▶ [Exercise objective] Please output the data below exactly as given, starting at its first line and stopping after the line that contains "Forever 21 Moto".

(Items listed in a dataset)

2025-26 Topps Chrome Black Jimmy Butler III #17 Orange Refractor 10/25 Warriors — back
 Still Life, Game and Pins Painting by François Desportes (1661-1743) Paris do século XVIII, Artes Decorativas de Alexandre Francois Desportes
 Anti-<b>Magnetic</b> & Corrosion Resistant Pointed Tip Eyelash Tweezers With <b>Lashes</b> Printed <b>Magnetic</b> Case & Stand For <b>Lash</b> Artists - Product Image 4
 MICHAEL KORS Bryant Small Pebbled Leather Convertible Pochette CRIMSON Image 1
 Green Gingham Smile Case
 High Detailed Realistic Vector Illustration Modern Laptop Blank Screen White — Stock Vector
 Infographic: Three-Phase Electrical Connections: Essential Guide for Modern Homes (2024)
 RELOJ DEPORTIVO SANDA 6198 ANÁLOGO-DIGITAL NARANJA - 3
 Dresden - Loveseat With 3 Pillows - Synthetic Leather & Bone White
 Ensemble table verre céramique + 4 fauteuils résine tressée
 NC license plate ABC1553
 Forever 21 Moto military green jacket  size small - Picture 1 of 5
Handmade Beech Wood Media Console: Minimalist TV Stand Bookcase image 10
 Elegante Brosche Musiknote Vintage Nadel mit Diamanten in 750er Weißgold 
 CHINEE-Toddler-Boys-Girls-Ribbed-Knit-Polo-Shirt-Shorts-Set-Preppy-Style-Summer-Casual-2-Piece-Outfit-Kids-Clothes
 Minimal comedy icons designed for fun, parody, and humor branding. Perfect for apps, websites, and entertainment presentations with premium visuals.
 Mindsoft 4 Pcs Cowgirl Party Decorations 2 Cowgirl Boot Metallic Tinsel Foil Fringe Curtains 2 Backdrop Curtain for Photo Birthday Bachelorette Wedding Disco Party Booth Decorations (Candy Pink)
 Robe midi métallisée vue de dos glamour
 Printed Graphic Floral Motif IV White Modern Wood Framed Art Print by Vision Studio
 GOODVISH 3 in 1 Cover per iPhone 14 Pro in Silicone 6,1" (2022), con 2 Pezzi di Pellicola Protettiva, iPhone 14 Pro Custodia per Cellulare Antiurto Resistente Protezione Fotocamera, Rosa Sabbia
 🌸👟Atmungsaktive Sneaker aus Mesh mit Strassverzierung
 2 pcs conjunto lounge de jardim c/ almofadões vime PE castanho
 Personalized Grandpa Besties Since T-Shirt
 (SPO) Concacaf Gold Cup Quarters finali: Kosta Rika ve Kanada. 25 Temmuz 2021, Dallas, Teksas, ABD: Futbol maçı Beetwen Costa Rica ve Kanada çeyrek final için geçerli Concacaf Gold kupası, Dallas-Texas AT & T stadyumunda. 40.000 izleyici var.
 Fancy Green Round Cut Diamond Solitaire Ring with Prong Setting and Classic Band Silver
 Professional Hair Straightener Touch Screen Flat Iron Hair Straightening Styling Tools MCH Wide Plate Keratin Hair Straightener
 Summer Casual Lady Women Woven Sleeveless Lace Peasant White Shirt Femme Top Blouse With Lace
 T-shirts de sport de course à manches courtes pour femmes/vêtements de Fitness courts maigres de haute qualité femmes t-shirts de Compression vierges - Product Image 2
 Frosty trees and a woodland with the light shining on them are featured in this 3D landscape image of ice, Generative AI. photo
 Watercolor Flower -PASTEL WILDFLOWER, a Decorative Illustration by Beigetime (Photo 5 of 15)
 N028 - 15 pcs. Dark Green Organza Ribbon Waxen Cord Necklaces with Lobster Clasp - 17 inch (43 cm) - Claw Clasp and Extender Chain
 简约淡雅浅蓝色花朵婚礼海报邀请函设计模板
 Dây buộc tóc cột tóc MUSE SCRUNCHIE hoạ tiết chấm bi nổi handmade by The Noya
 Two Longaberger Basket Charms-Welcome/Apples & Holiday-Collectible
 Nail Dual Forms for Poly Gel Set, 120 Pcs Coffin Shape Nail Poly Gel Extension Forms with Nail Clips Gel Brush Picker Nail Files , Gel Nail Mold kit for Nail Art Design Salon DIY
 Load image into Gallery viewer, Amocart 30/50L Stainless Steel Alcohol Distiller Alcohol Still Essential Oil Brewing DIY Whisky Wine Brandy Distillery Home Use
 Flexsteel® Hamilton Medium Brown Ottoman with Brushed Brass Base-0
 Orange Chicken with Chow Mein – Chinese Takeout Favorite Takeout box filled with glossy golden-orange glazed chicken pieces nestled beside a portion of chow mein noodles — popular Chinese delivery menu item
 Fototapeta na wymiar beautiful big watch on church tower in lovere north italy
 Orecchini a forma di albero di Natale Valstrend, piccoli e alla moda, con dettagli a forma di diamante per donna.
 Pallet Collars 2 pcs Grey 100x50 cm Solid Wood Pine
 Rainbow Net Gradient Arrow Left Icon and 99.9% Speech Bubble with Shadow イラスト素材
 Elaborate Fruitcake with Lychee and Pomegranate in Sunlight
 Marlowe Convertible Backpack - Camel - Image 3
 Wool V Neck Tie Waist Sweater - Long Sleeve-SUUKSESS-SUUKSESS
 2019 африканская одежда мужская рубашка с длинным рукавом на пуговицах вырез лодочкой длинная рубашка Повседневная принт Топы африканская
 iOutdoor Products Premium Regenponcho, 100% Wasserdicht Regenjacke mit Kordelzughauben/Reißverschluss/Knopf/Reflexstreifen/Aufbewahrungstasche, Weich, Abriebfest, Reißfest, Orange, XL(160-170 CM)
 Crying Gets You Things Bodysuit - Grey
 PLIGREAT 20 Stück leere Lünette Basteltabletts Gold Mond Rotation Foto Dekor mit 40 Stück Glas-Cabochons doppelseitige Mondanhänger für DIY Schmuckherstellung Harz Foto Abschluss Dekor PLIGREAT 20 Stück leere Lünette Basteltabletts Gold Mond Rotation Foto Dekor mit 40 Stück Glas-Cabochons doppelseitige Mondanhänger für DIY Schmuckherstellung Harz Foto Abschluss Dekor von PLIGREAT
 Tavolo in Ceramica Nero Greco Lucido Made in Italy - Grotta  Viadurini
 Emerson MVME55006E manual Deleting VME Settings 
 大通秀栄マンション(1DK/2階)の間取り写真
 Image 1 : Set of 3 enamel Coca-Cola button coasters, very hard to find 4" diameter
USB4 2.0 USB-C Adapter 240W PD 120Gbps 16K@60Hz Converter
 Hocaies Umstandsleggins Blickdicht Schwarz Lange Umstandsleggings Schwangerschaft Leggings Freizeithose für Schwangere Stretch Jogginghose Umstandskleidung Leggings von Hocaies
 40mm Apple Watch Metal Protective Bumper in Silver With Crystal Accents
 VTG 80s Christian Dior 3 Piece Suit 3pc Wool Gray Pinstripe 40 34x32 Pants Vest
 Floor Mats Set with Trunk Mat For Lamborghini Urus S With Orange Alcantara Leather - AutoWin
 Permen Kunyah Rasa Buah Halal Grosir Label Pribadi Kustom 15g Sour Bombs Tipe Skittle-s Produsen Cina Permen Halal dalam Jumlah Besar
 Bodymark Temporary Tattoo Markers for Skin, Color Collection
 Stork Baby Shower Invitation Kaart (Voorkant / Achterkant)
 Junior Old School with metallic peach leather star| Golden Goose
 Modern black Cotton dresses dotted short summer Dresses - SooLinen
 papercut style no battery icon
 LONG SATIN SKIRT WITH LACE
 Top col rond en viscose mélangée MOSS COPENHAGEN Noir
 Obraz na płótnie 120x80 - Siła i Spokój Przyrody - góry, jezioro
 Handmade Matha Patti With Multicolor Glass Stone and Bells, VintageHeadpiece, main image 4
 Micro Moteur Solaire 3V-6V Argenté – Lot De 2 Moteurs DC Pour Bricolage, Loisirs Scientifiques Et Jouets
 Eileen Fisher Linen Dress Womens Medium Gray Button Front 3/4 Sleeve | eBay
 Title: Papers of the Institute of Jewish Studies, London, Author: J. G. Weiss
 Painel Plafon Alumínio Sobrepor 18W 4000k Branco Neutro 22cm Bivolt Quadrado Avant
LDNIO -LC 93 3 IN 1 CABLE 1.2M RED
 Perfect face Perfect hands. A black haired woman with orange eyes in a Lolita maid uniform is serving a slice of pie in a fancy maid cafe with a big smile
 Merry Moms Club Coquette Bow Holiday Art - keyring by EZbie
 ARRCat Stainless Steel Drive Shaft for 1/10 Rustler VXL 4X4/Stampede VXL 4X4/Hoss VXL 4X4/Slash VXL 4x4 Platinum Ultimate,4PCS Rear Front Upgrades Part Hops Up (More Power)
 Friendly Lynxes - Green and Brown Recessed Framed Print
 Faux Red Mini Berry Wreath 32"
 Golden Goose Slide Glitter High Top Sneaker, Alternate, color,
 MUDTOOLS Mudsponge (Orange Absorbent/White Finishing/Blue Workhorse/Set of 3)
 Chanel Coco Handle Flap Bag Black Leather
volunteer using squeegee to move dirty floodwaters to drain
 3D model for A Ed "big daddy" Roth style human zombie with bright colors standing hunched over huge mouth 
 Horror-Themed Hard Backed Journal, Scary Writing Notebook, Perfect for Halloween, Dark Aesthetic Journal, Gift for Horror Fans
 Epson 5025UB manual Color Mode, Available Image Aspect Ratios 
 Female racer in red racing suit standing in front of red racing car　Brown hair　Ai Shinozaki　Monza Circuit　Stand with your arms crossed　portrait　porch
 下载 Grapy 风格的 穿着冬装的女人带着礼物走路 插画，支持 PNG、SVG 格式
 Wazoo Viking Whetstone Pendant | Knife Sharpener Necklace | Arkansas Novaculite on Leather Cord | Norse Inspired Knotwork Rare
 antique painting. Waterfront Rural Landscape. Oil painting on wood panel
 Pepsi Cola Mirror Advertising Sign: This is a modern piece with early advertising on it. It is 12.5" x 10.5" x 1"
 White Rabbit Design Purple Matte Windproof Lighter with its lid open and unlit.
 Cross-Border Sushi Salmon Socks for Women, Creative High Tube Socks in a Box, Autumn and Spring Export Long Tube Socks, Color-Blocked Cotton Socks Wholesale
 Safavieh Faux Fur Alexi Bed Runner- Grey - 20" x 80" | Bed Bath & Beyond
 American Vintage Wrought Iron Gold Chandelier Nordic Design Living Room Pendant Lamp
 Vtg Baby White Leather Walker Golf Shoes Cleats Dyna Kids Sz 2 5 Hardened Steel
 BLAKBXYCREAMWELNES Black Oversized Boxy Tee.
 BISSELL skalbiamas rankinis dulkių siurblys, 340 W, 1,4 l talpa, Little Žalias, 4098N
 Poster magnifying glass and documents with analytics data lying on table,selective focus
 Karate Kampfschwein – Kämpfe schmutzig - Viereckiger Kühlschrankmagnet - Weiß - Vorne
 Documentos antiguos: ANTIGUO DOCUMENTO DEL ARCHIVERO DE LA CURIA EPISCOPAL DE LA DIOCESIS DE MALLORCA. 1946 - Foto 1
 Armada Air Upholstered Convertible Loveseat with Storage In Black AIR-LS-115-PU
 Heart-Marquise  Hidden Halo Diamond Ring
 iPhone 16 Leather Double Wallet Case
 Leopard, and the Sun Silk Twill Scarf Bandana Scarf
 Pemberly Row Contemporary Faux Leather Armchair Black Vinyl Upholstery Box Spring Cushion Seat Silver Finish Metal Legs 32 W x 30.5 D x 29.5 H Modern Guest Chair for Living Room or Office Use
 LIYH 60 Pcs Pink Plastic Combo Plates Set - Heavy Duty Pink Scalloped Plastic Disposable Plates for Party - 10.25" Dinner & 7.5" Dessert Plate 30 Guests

▶ [Exercise response]
2025-26 Topps Chrome Black Jimmy Butler III #17 Orange Refractor 10/25 Warriors — back
 Still Life, Game and Pins Painting by François Desportes (1661-1743) Paris do século XVIII, Artes Decorativas de Alexandre Francois Desportes
 Anti-<b>Magnetic</b> & Corrosion Resistant Pointed Tip Eyelash Tweezers With <b>Lashes</b> Printed <b>Magnetic</b> Case & Stand For <b>Lash</b> Artists - Product Image 4
 MICHAEL KORS Bryant Small Pebbled Leather Convertible Pochette CRIMSON Image 1
 Green Gingham Smile Case
 High Detailed Realistic Vector Illustration Modern Laptop Blank Screen White — Stock Vector
 Infographic: Three-Phase Electrical Connections: Essential Guide for Modern Homes (2024)
 RELOJ DEPORTIVO SANDA 6198 ANÁLOGO-DIGITAL NARANJA - 3
 Dresden - Loveseat With 3 Pillows - Synthetic Leather & Bone White
 Ensemble table verre céramique + 4 fauteuils résine tressée
 NC license plate ABC1553
 Forever 21 Moto military green jacket  size small - Picture 1 of 5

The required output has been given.